Elle reconnait les faits
Lors de son procès, la prévenue a reconnu les faits. Mais elle a évoqué des difficultés financières et une « tolérance » concernant ces pratiques car, selon elle, « de nombreux Monégasques font la même chose ». Nous y voilà… Appelée à témoigner, la représentante des Domaines a ainsi admis connaître plusieurs cas de sous-location. Quand bien même les plateformes communautaires prennent soin d’expliquer sur leurs sites toutes les règles que le loueur doit respecter.

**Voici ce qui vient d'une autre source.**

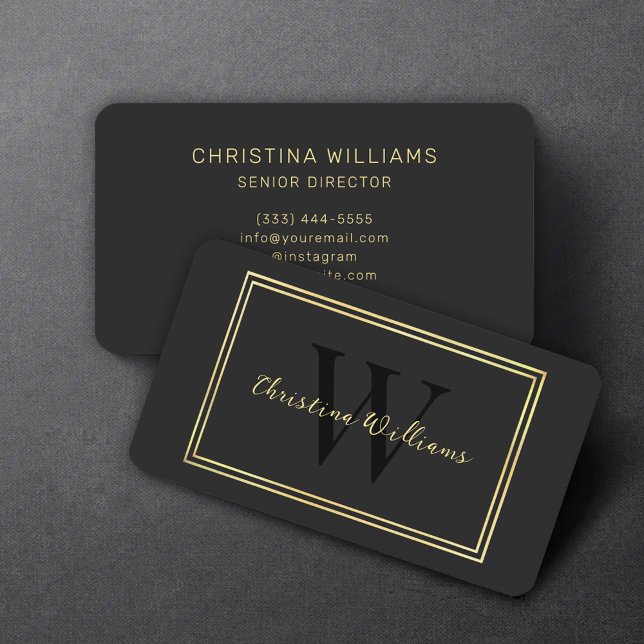 Cartão De Visita Elegante Simples e Dourado Negro (Black Gold Simple Modern Minimalist Elegant Business Card)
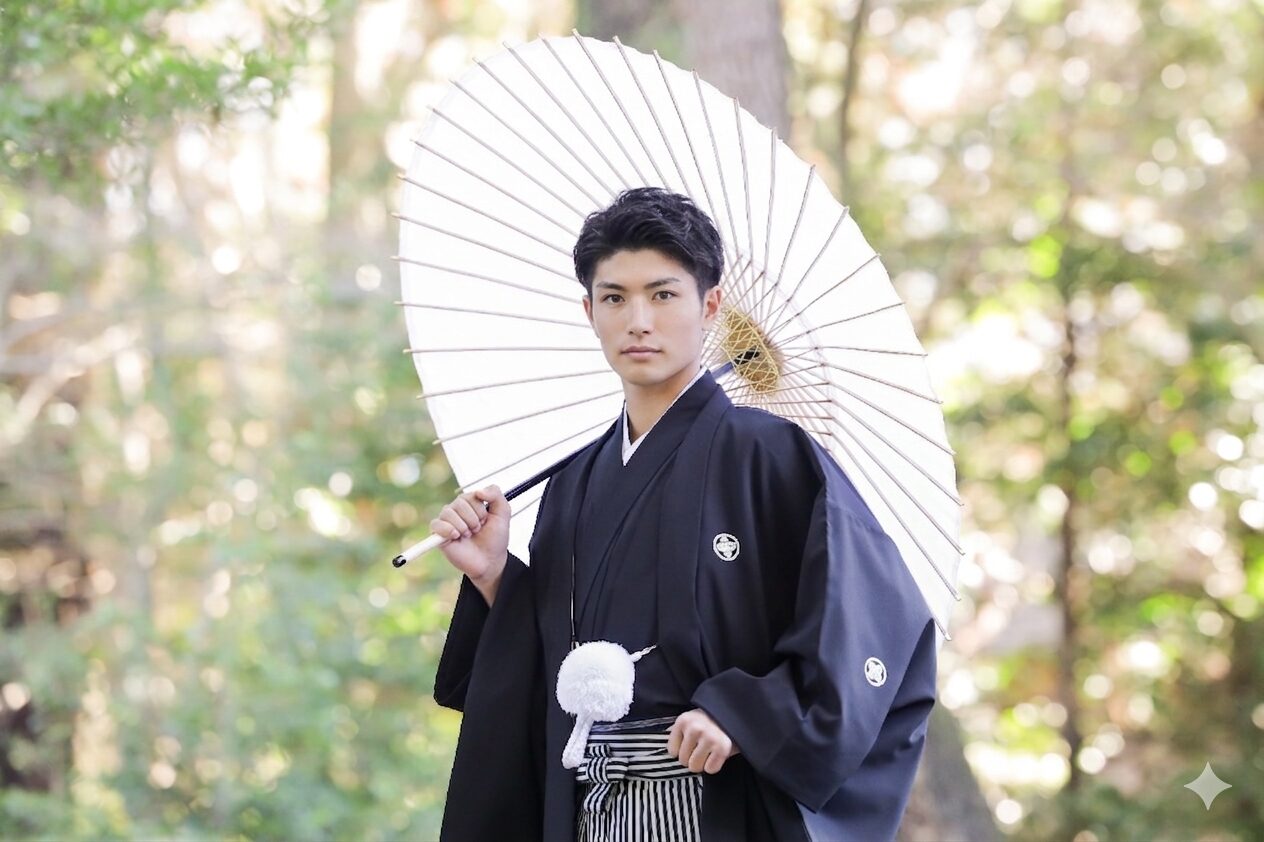 二荒山神社の境内で白い和傘を差す黒紋付羽織と縞袴の男性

« N’est-ce pas bizarre que vous déboursiez pour votre habitation moins de 600€ pour un mois et de l’autre côté vous encaissiez 1 400 € pour deux jours ? », s’est étonné le président du tribunal, Jérôme Fougeras-Lavergnolle. Vous auriez dû vous douter d’une interdiction certaine. D’autant plus que la clause de sous-location est bien mentionnée dans le contrat de bail que vous avez signé ! »
Décision le 22 janvier
« Cette personne se fait de l’argent sur le dos de l’État qui met à disposition des nationaux des appartements à des prix défiant toute concurrence, a renchéri le premier substitut Cyrielle Colle. Si Madame n’avait pas les moyens de se maintenir dans les lieux, elle aurait dû demander un échange avec un loyer plus bas. De plus, les aides financières ne manquent pas. Je requiers quatre mois d’emprisonnement assortis du sursis. »
L’avocat de la défense, de son côté, fait remarquer que rien dans le Code civil ne réprime la sous-location. Il réclame la relaxe. L’État monégasque, partie civile à l’audience, demande un euro symbolique. L’affaire a été mise en délibéré. Le tribunal rendra sa décision le 22 janvier. En attendant, l’Hôtellerie monégasque rêve d’un jugement qu’elle souhaite exemplaire – et, donc, espère-t-elle, dissuasif.